US 6722256 B2
A reduced icing valve for an gas-driven motor and a reciprocating double diaphragm pump is provided having a shiftable valve for alternatively supplying a motive gas through first and second supply ports to opposed first and second power pistons in opposed motive gas chambers, respectively, and for effecting alternating exhaust of the chambers. The shiftable valve is provided with an insert that deflects, away from the shiftable valve, air entering from each of the bypass valves until the bypass valves are fully actuated by the exhaust gas from the motive gas chambers. The shiftable valve is further provided with bypass valves independent of and intermediate the shiftable valve and each of the first and second motive gas chambers for bypassing the shiftable valve by exhaust gas from the motive gas chambers. The bypass valves are further actuated in an opposing direction by a supply source of motive gas to the chambers.

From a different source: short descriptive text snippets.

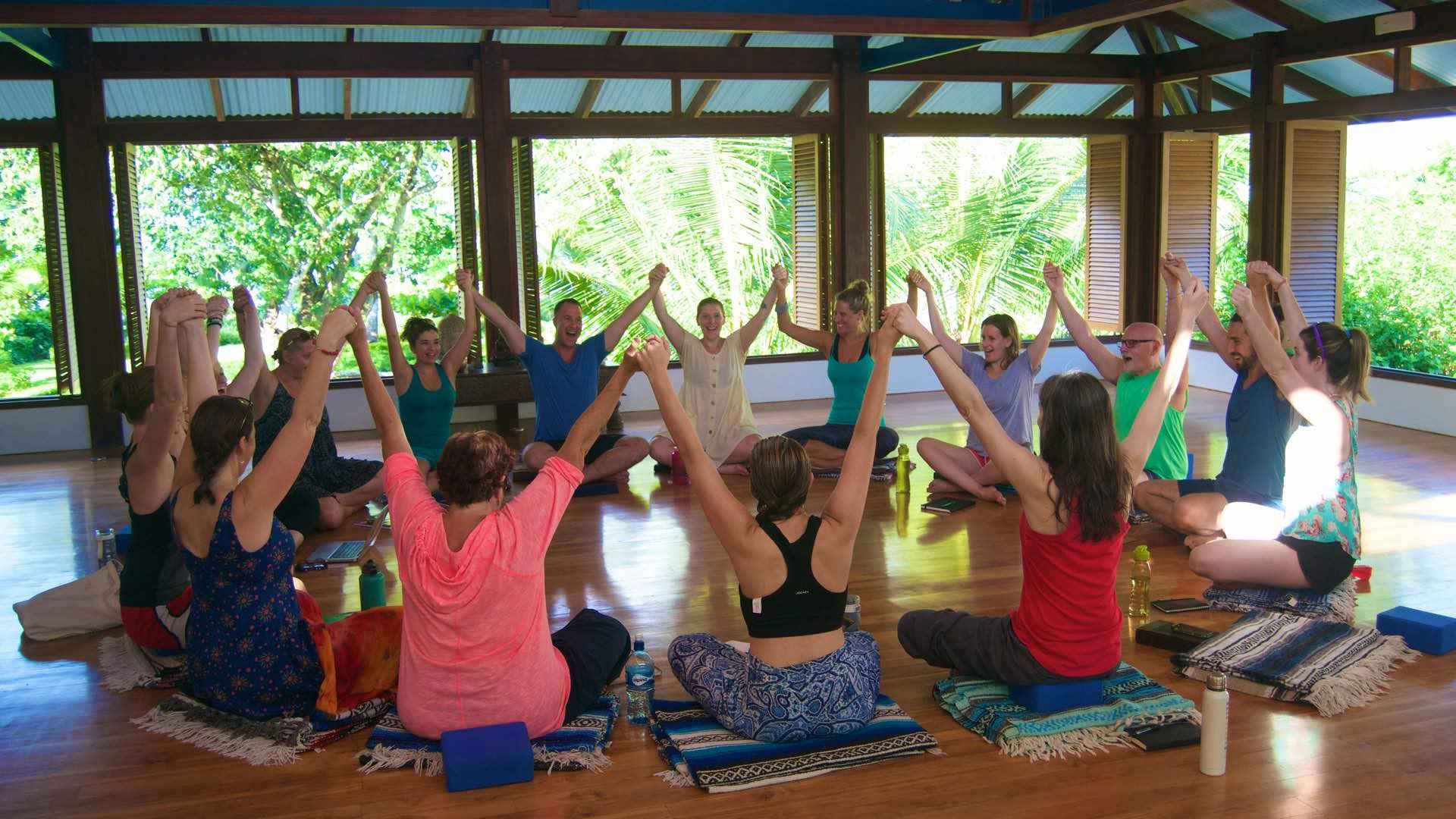 Retiro de yoga en la playa y la selva de Costa Rica 2027 con Leah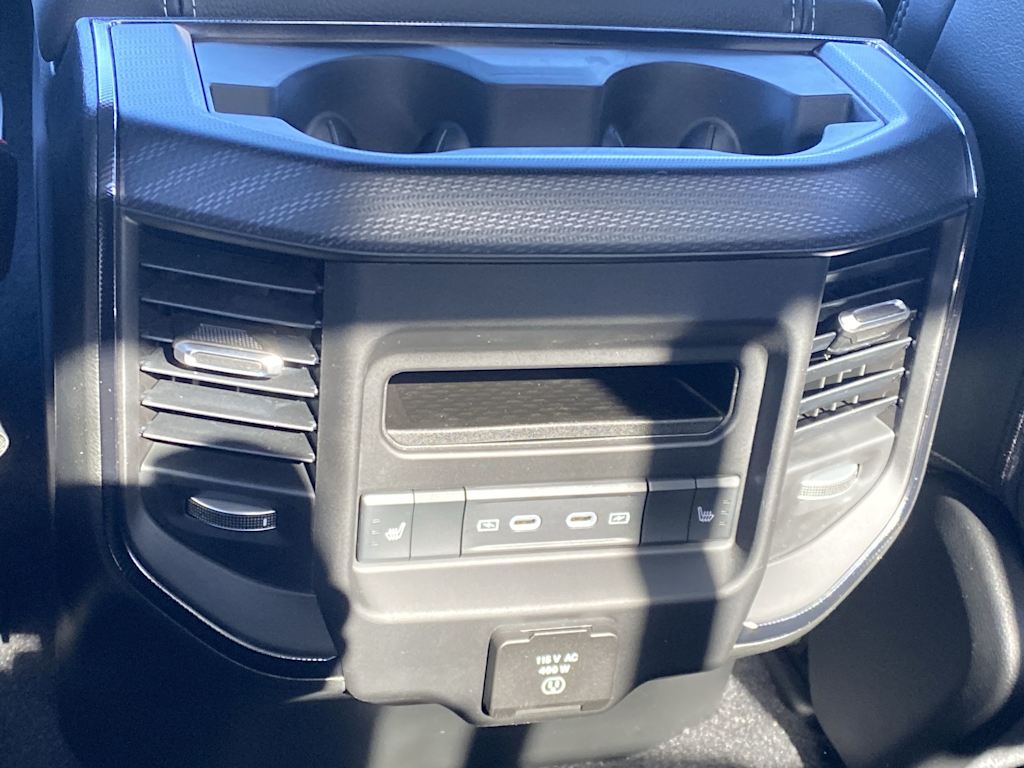 Thumbnail: 2026 RAM 1500 - 38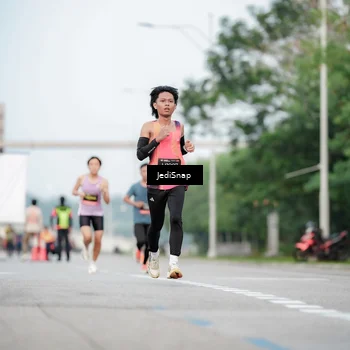 Runner Photo 6687339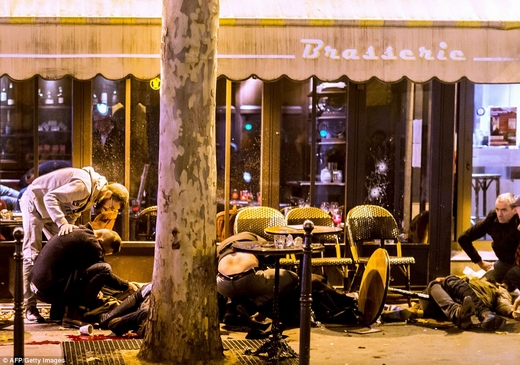 Người chết và bị thương nằm la liệt bên ngoài quán cafe Bonne Biere tại Paris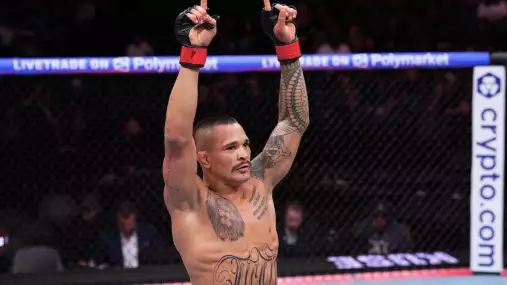 Na váze 66 kilo, v kleci 77,6. Data UFC ukázala extrémní nabírání po vážení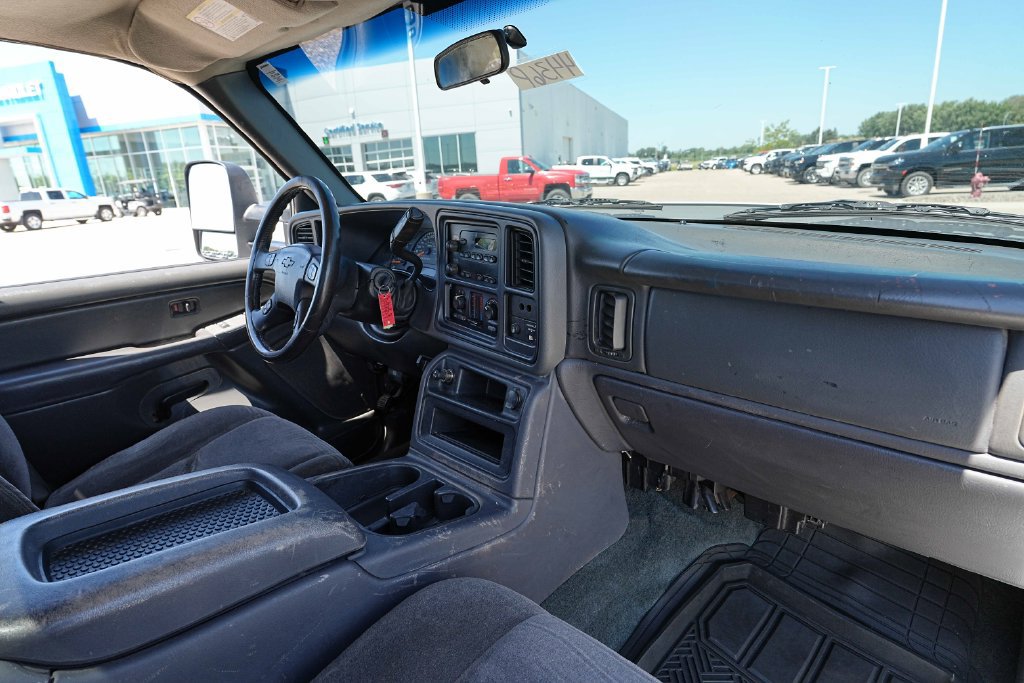 Used 2006 Chevrolet Silverado 2500 W/T w/ Heavy-Duty Power Package AWD/4WD image 21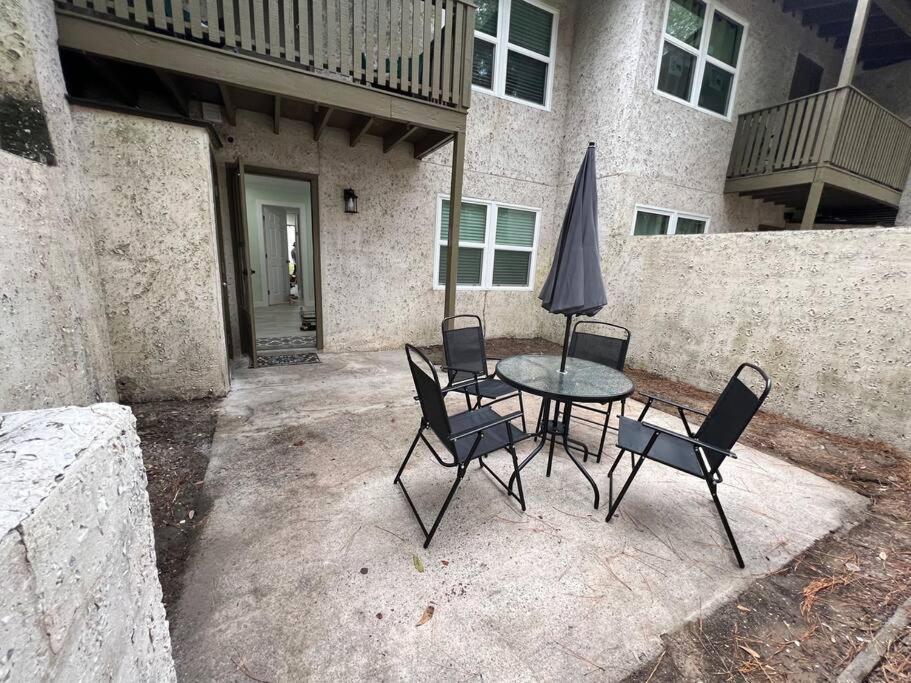 Tranquility In Paradise- 2 Bedroom Villa W/Parking Hilton Head Island Exterior photo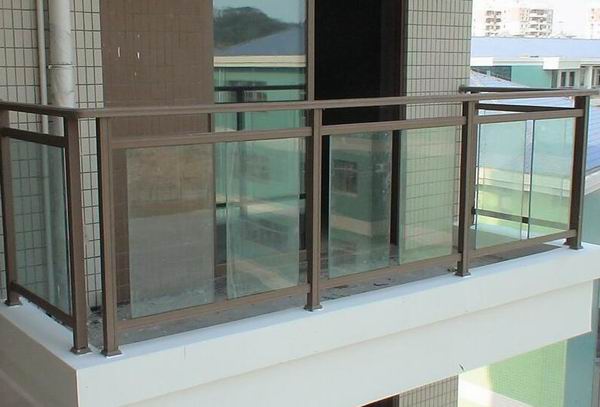 铝合金（jīn）护（hù）栏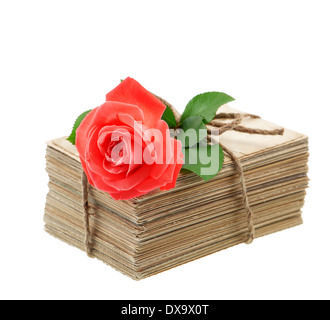 Stapeln von alten Liebesbriefe und Postkarten mit roter rose Blume isoliert auf weißem Hintergrund. Nostalgisches sentimentale Bild Stockfoto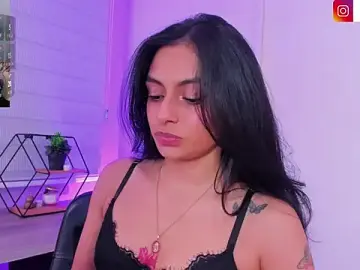 Lilith_petit_  live sex cam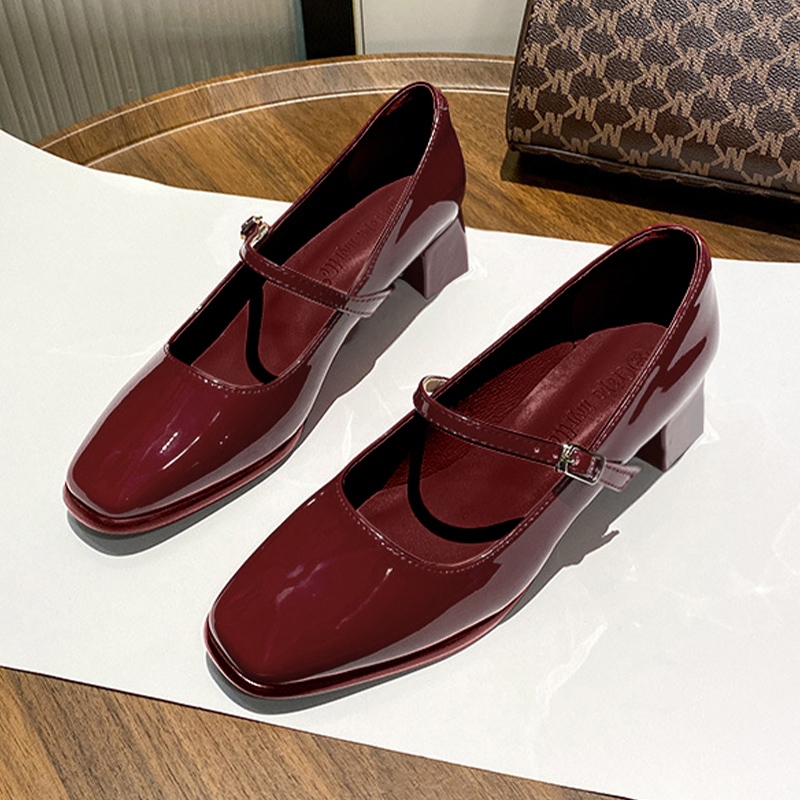 Koimoi ปังปุริเย่มากแม่ รองเท้าคัทชูแฟชั่นงานเสริมส้นสำหรับสาวๆ งานสวย ทรงดี มีหลายสีให้เลือกสวมใส่ใช้งาน ใครสนใจกดสั่งไ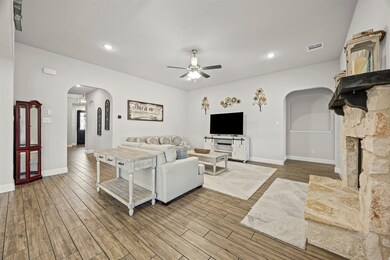 272 Lillian Ln, Waxahachie, TX 75165 - photo 5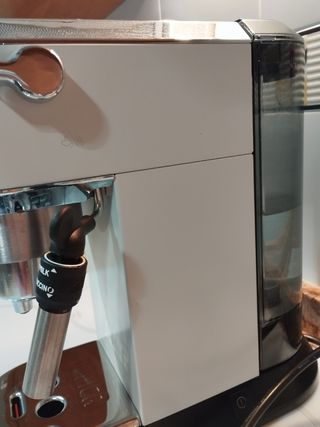 Cafetera eléctrica DēLonghhi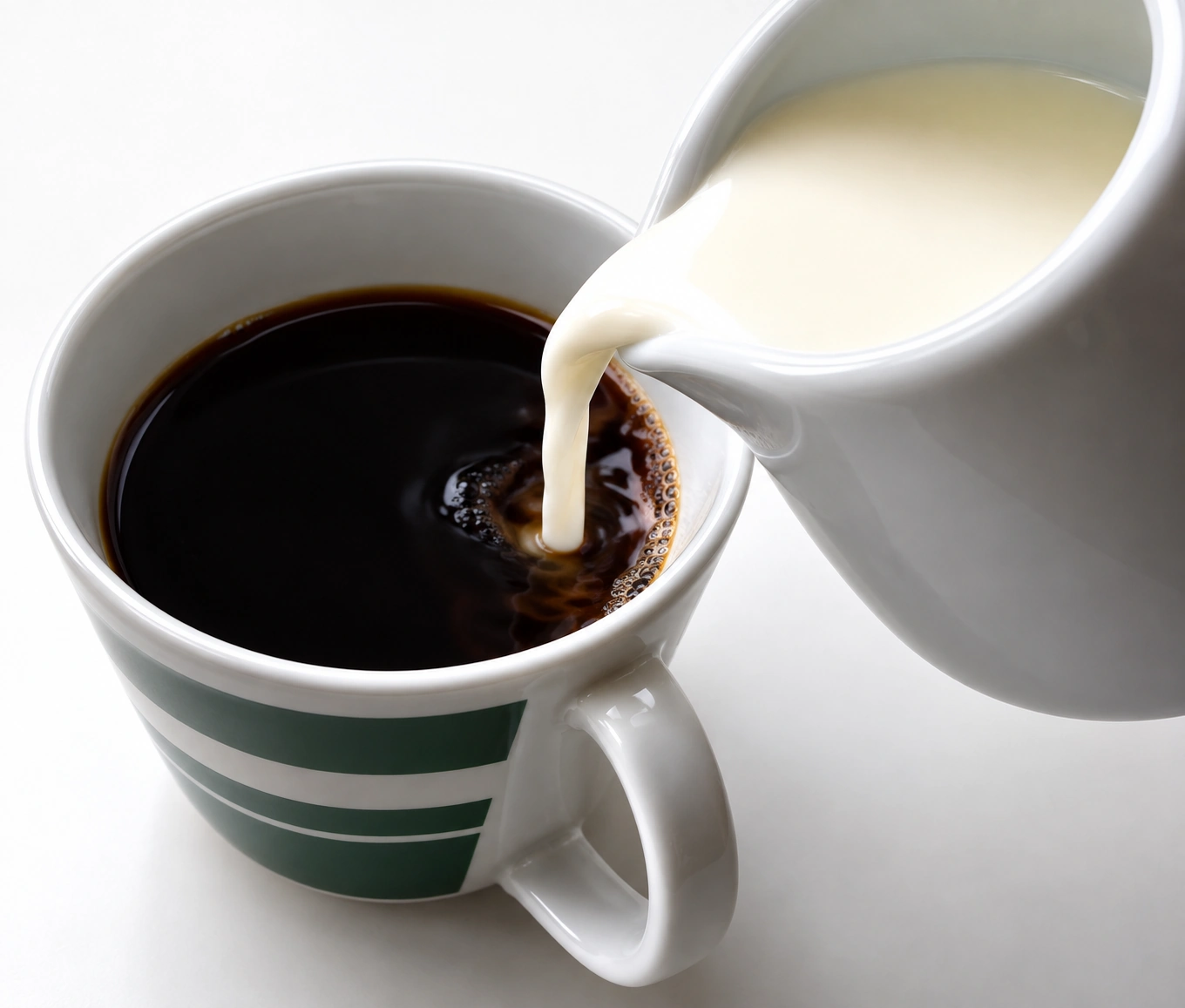 Leite sendo despejado em uma xícara de café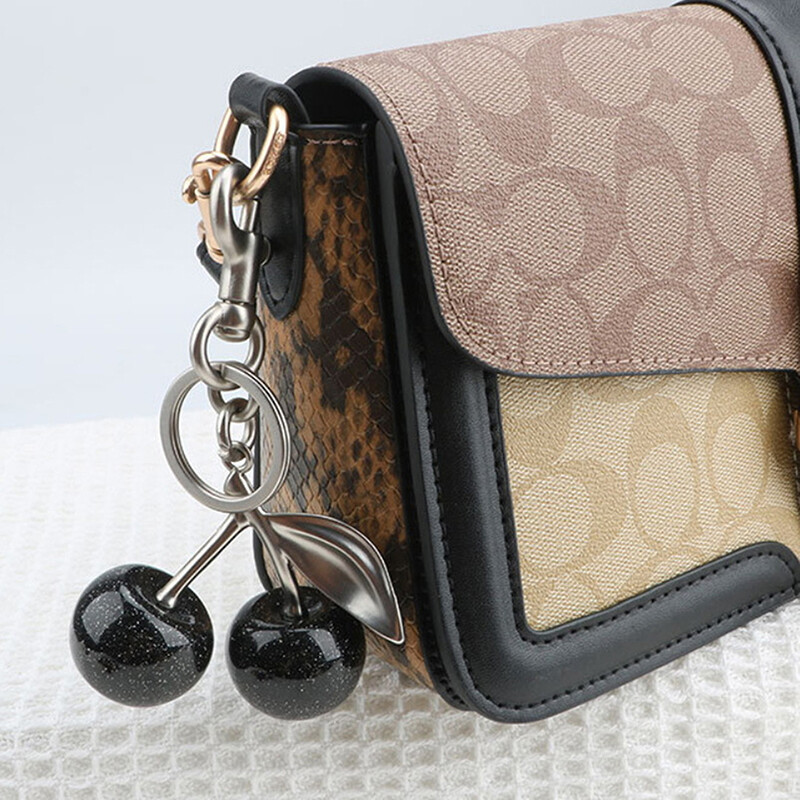 1 gab. Automašīnas ceļojumu soma piekariņi Vasaras ķiršu kulons atslēgu piekariņš melns ķiršu atslēgu piekariņš Aksesuāri vīriešiem Sieviešu rotaslietas dāvanas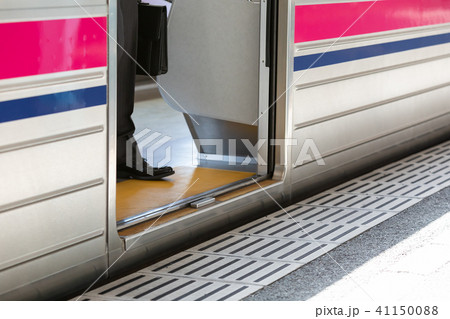 電車 足元 パーツ 撮影協力・京王電鉄株式会 電車 足元 パーツ 撮影協力・京王電鉄株式会 41150088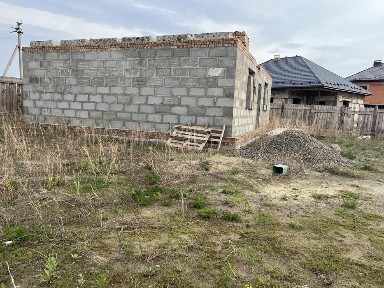 Недостроенный дом, коробка 80 квадратов, фундамент для 2-х этажей
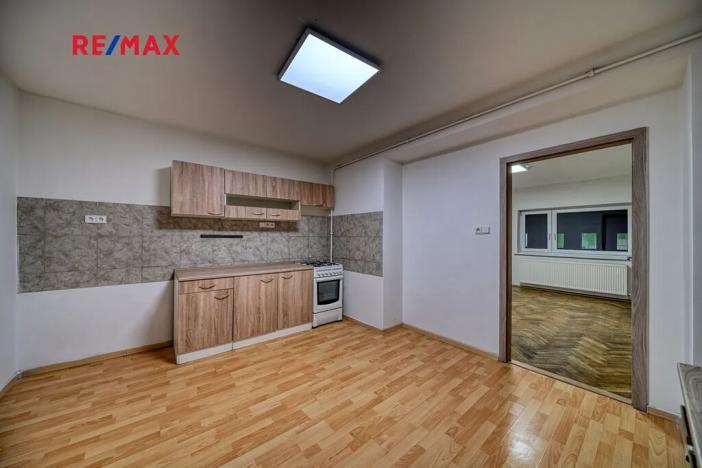 Pronájem bytu 2+kk, Kolín, Ovčárecká, 67 m2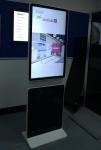 32" inch floor stand rotating LED monitor digital wifi AD totem signage player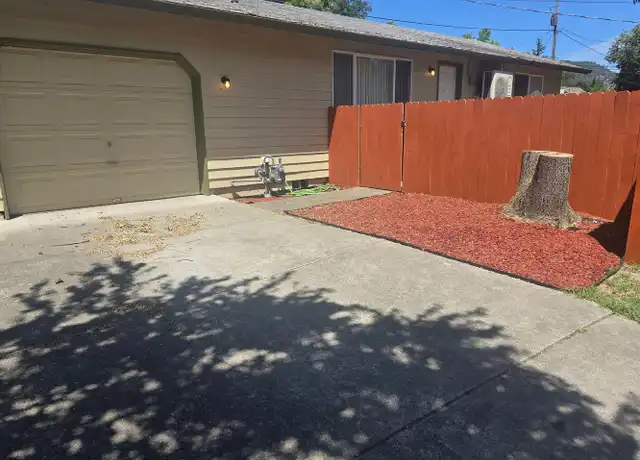 Property at 730 SW I St, Grants Pass, OR, 97526, 2 beds, 1 bath, [object Object]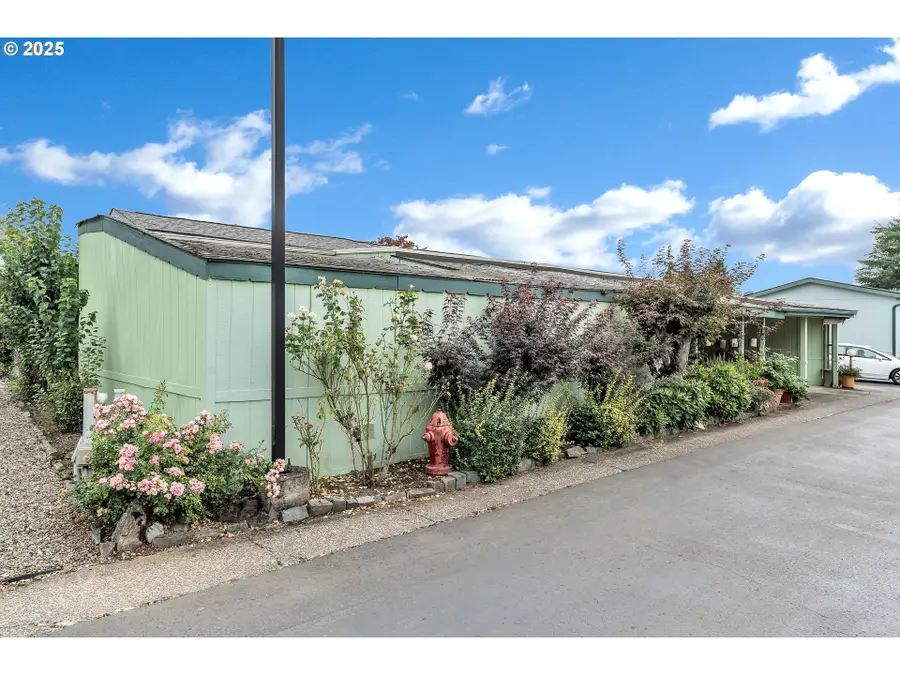 18485 SW Pacific Dr #69, Tualatin, OR 97062 - Image #3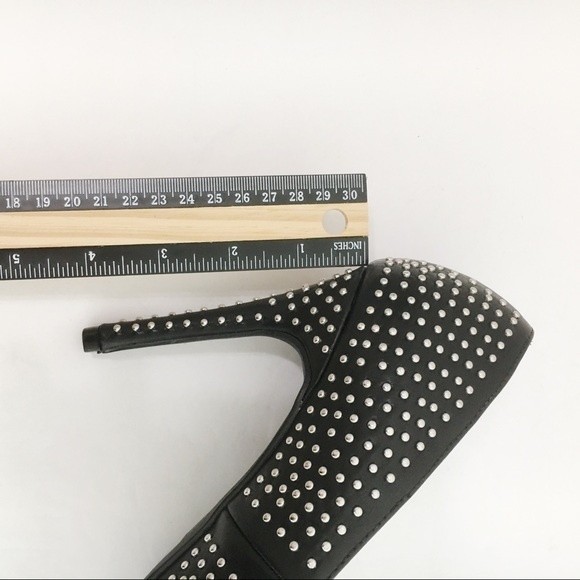 Report Women's Black Studded Stiletto Point Toe Pointy Jill Heels Pumps Size 8.5 - Picture 13 of 16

1. A reduced icing valve for a gas-driven motor comprising:
a shiftable valve for alternatively supplying a motive gas through first and second supply ports to opposed first and second power pistons in opposed motive gas chambers, respectively, and for effecting alternating exhaust of said chambers;
said shiftable valve being further provided with
bypass valves independent of and intermediate said shiftable valve and each of said first and second motive gas chambers for bypassing said shiftable valve by exhaust
gas from said motive gas chambers, and
an insert that deflects, away from said shiftable valve, air entering from each of said bypass valves until said bypass valves are fully actuated by said exhaust gas from said motive gas chambers; and
said bypass valves being further actuated in an opposing direction by a supply source of motive gas to said chambers.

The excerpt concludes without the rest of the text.